» YOUR TASK
Under this line sits a listing. Repeat exactly and only its lines from the one holding "Un periodista, con" through the one holding "Injection into a"; skip pictures.

» RECORDS FOR THIS EXERCISE
^^^^^^^^

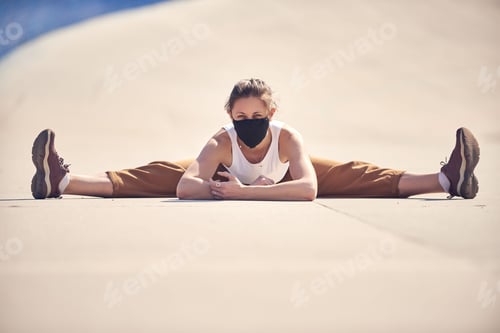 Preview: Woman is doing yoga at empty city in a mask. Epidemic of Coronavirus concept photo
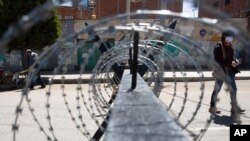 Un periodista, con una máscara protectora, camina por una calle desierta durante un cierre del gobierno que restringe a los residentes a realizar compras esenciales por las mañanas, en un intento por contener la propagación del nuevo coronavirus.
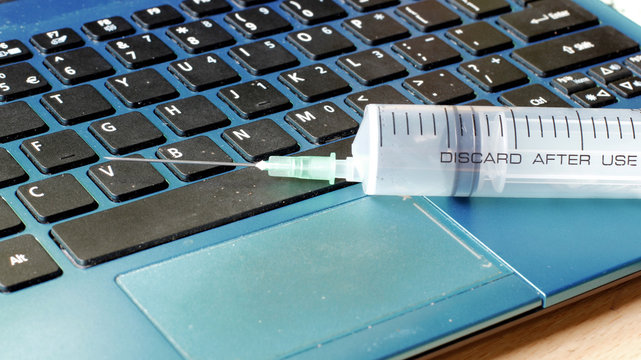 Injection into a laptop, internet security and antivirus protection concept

^^^^^^^^

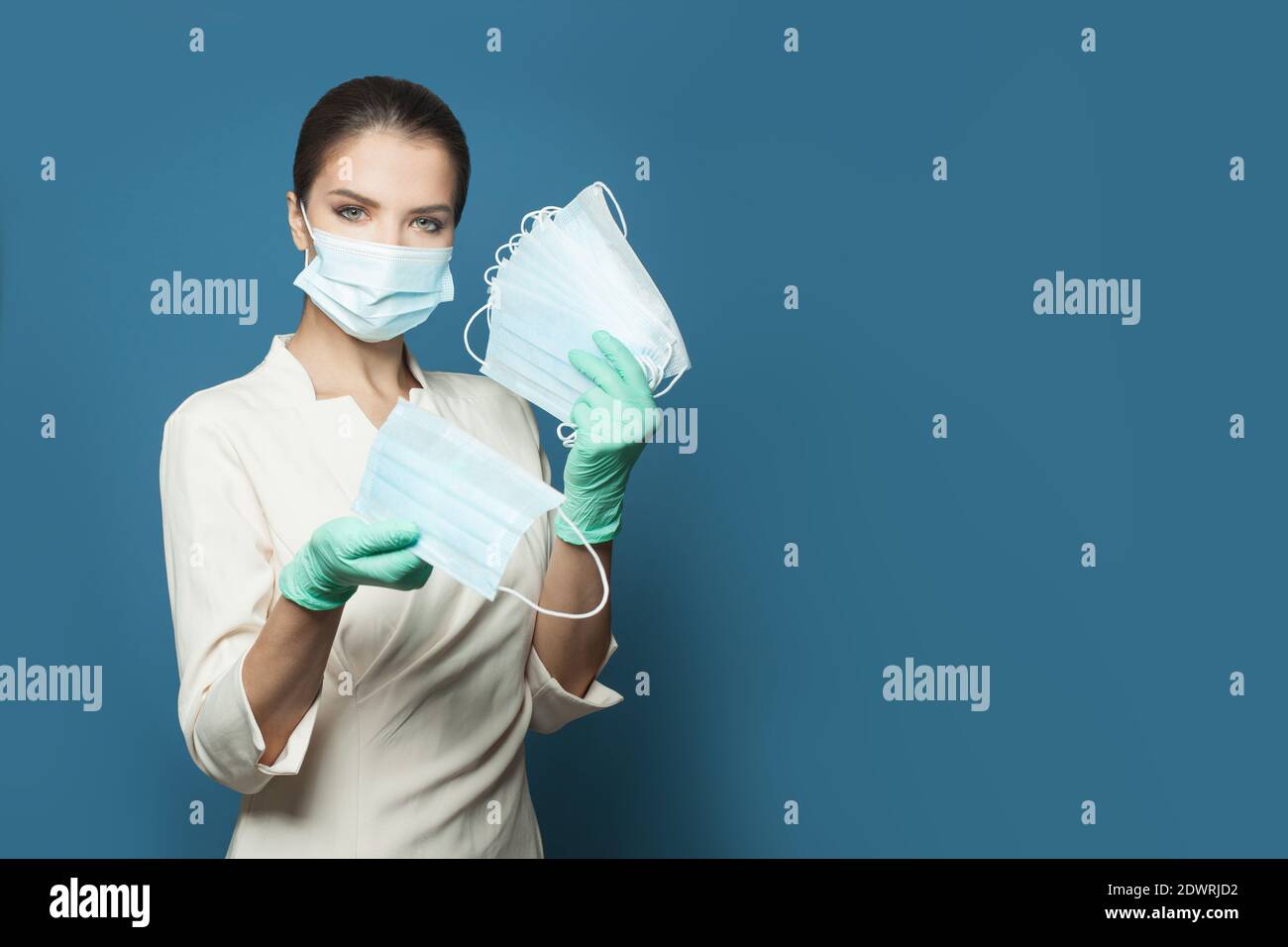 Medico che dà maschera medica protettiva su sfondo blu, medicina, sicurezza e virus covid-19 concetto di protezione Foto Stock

^^^^^^^^

» EXERCISE ANSWER
 Un periodista, con una máscara protectora, camina por una calle desierta durante un cierre del gobierno que restringe a los residentes a realizar compras esenciales por las mañanas, en un intento por contener la propagación del nuevo coronavirus.
 Injection into a laptop, internet security and antivirus protection concept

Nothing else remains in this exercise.